=== Required work ===
All of the data below must be reproduced word for word, but without its images.

=== Material provided ===
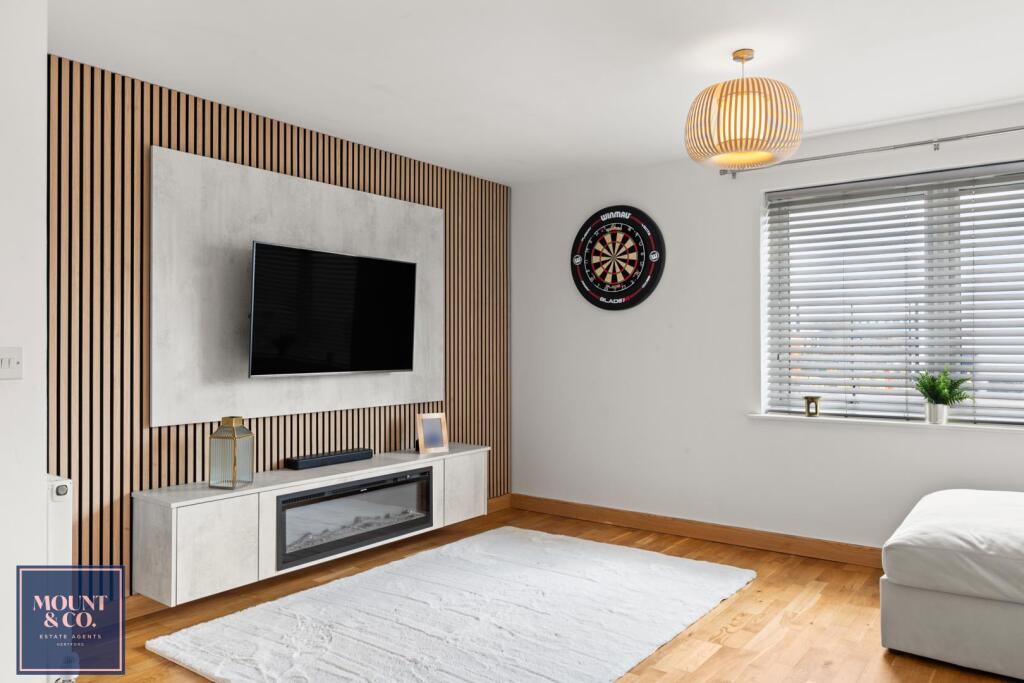 Main image of property: Smeaton Court, Hertford, Hertfordshire, SG13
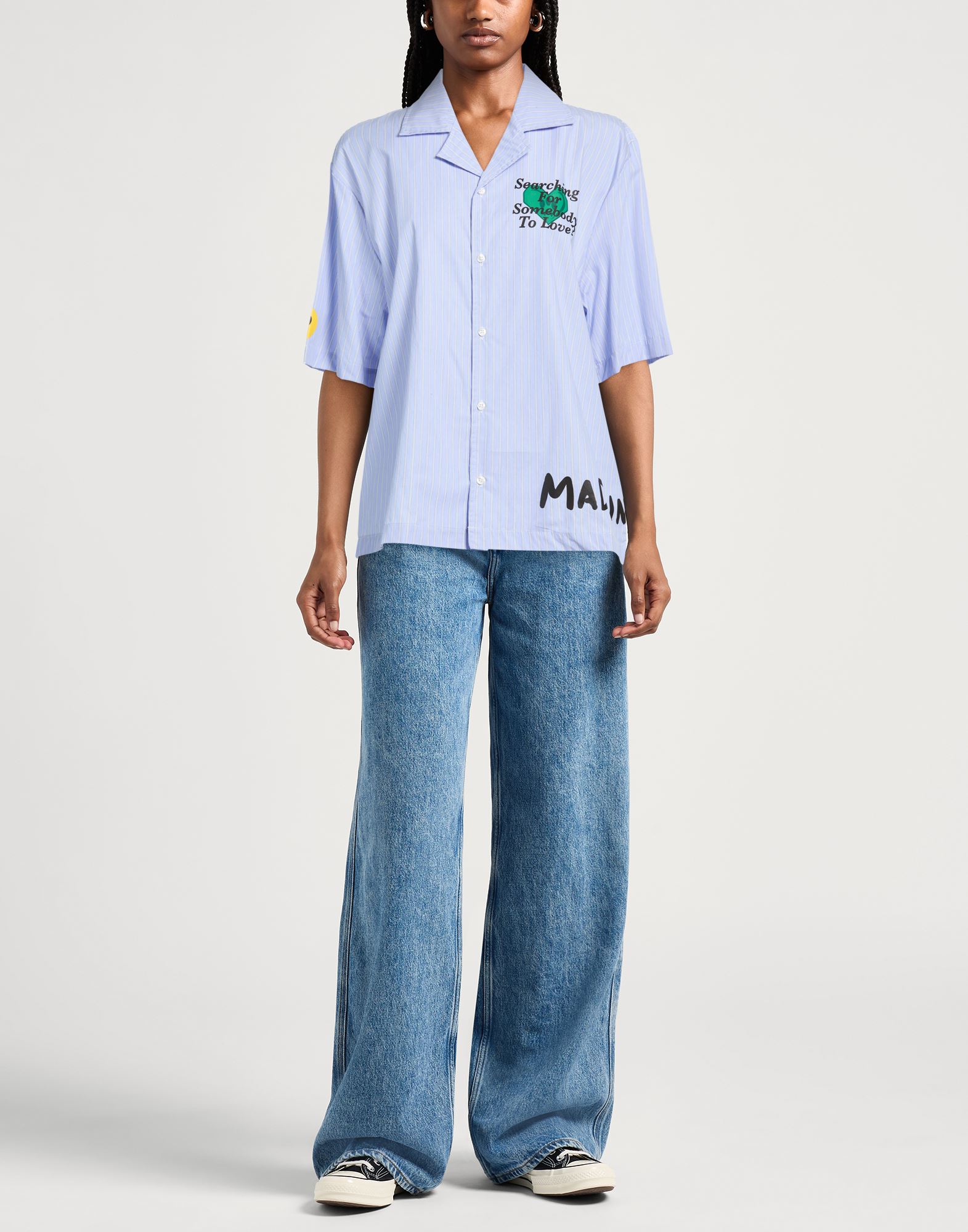  Barrow - Camisetas Y Tops - Camisas - On Yoox.com 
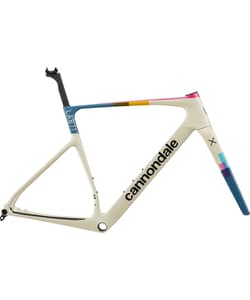 Cannondale LAB71 SuperX A/M Frameset 2026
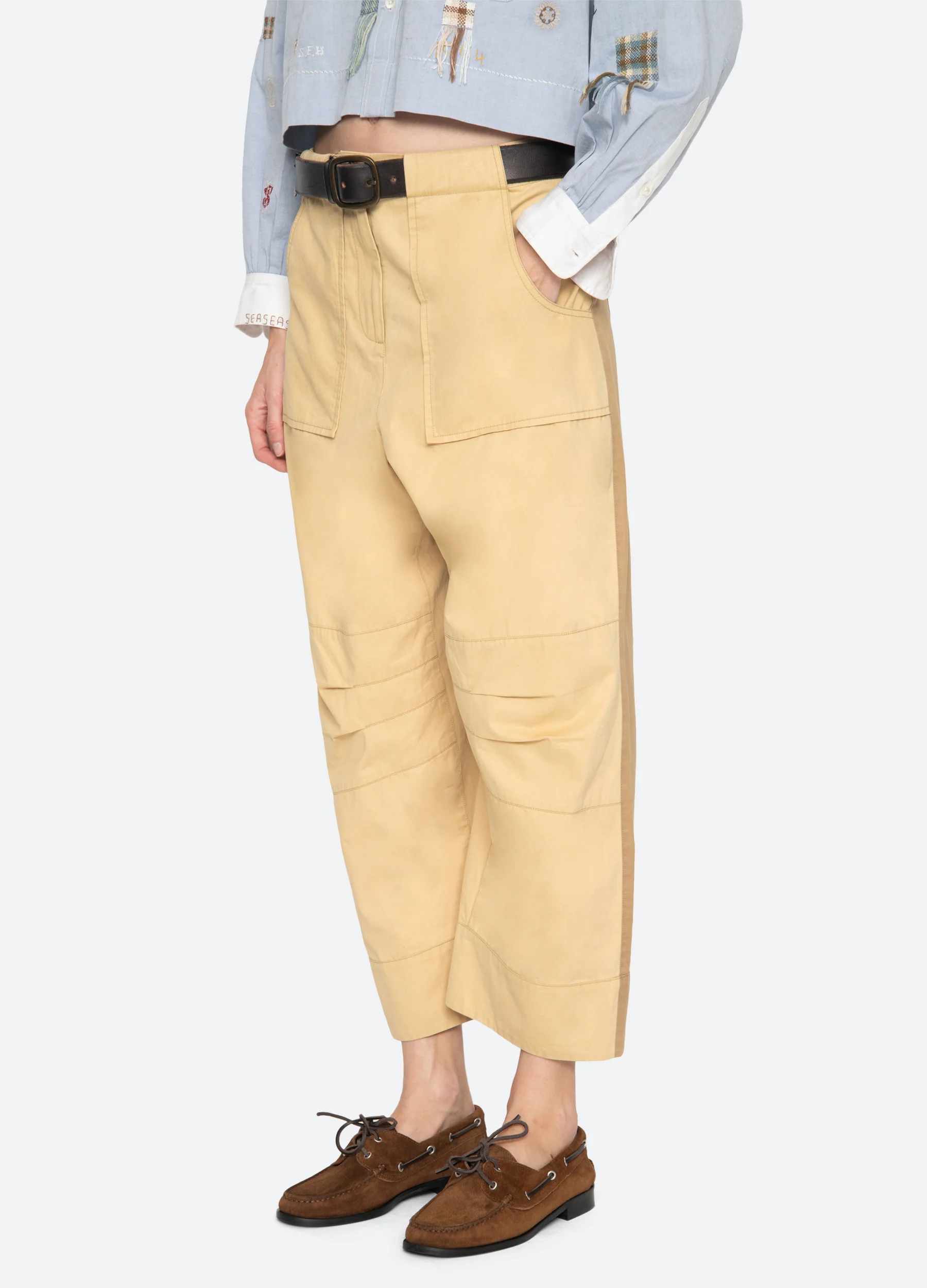 Andrea Pants - Image 6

=== Solved exercise ===
 Main image of property: Smeaton Court, Hertford, Hertfordshire, SG13
  Barrow - Camisetas Y Tops - Camisas - On Yoox.com 
 Cannondale LAB71 SuperX A/M Frameset 2026
 Andrea Pants - Image 6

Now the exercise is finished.